▶ _TASK INSTRUCTIONS_
Using the entries that follow, write out the line containing "Pieds d'une adolescente turque", the line containing "扎眼！女游客穿泳装在丽江古城石榴井游泳戏水，当事人发文致歉：酒后失控", and every line between them, exactly and nothing else.

▶ _MATERIAL FOR THIS EXERCISE_
- - - -

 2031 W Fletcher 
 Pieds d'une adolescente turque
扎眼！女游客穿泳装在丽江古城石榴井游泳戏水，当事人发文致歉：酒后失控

- - - -

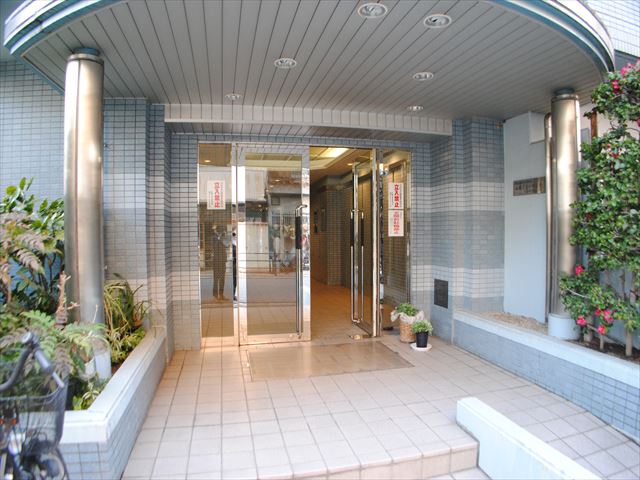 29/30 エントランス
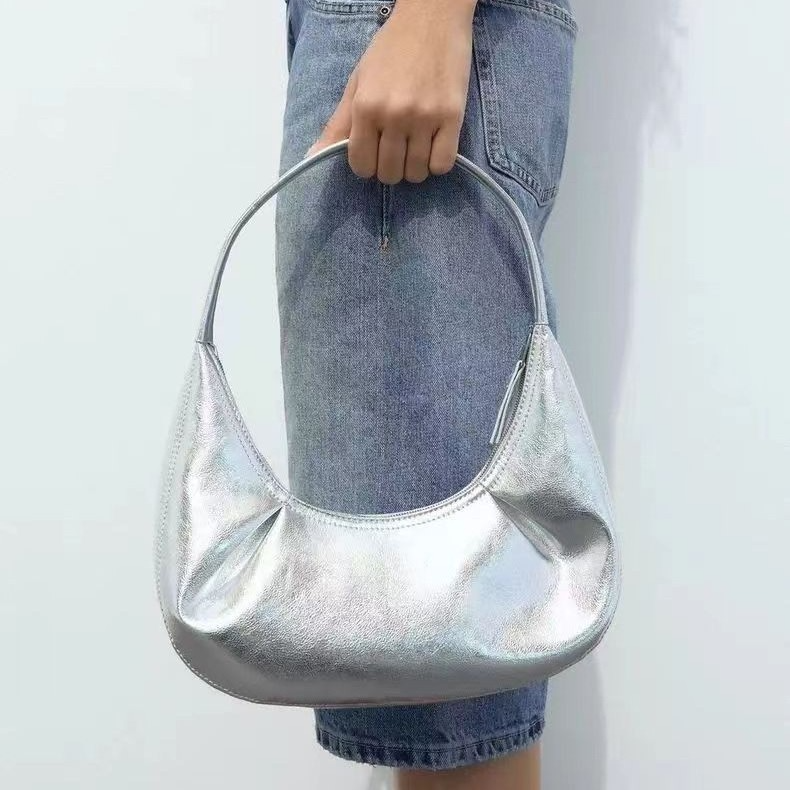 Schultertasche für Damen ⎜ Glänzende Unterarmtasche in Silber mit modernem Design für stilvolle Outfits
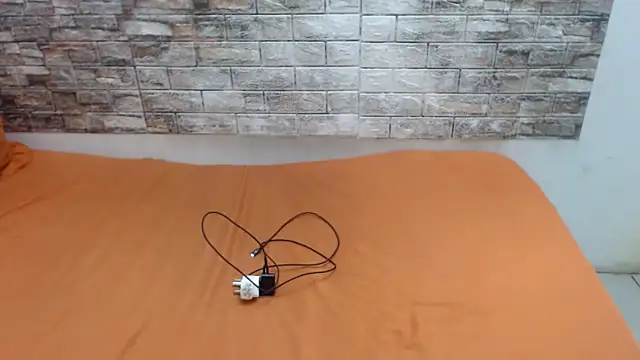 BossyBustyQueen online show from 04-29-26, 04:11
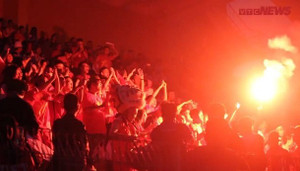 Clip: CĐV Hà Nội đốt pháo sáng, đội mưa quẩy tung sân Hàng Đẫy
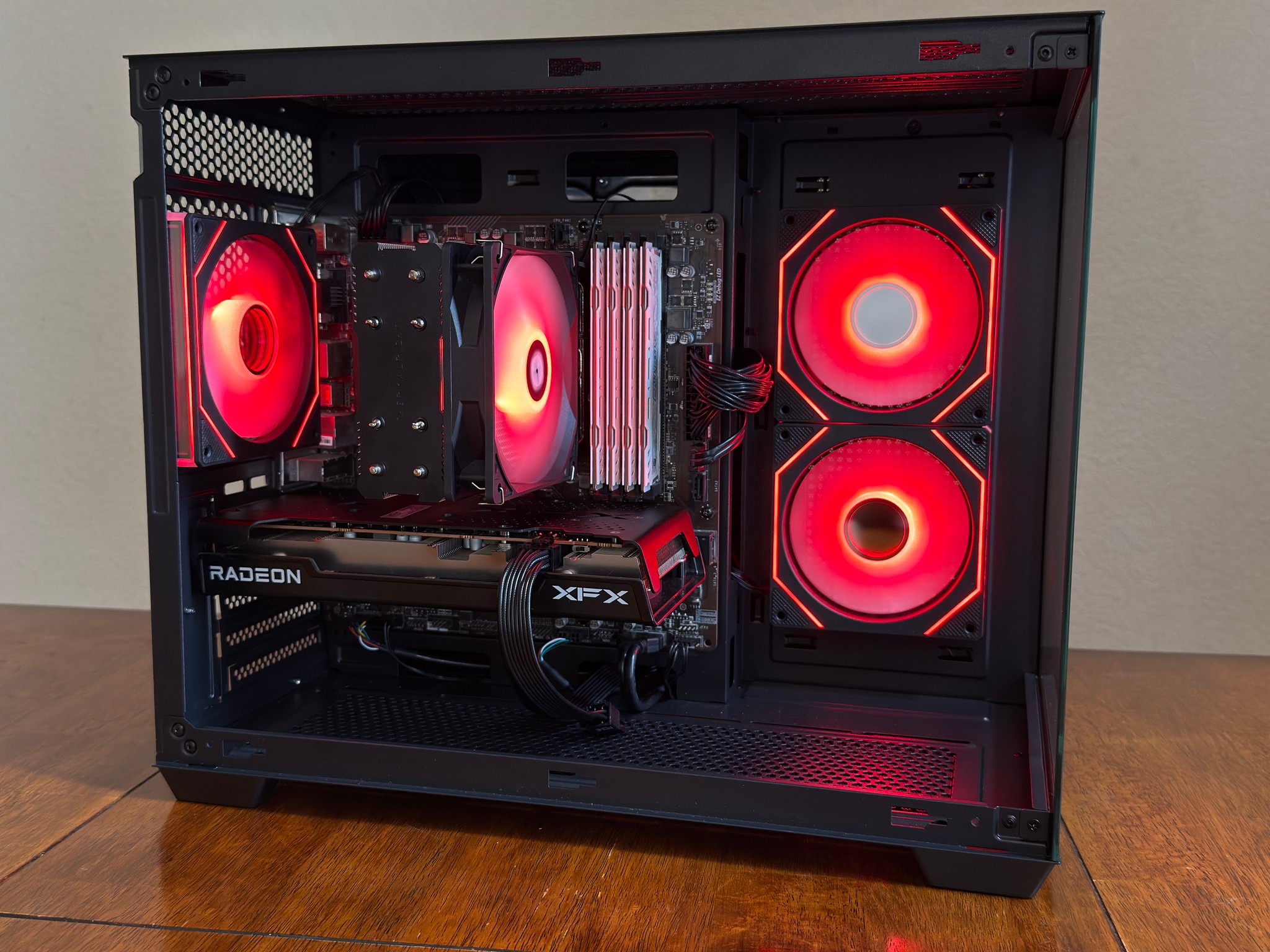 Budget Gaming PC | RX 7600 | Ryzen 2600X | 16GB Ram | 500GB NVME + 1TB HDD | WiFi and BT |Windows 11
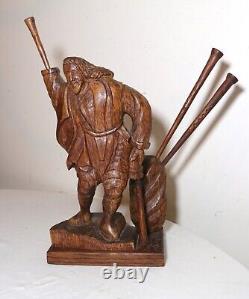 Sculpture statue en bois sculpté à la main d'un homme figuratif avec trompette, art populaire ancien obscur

- - - -

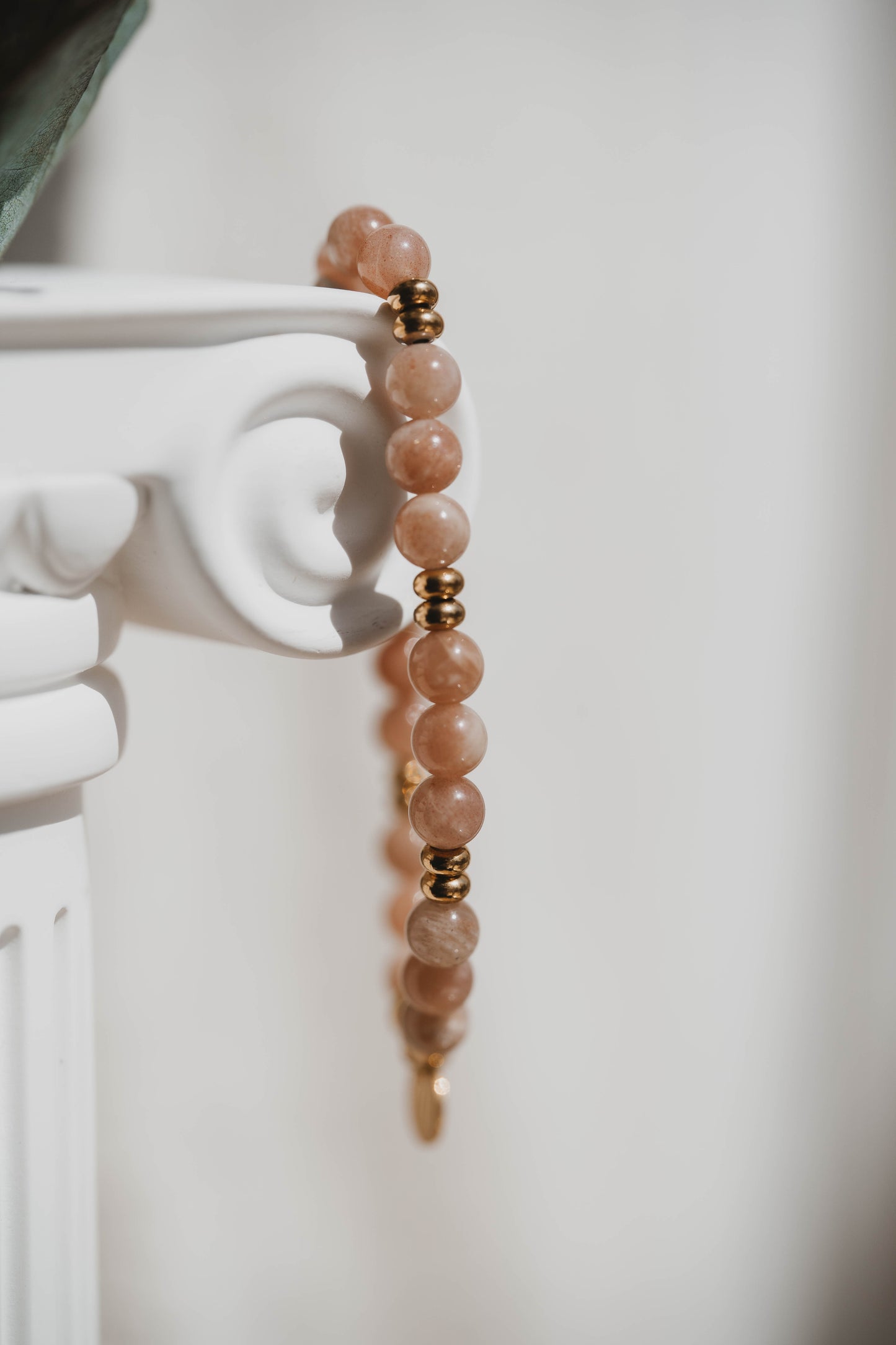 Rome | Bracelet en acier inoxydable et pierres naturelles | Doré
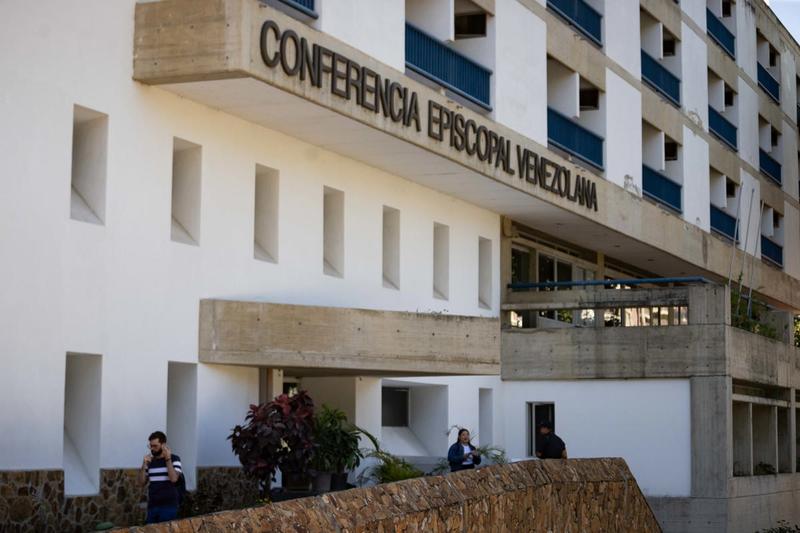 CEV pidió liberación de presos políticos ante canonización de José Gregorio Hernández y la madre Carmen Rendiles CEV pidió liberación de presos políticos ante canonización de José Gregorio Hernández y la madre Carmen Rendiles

- - - -

▶ _OUTPUT_
 Pieds d'une adolescente turque
扎眼！女游客穿泳装在丽江古城石榴井游泳戏水，当事人发文致歉：酒后失控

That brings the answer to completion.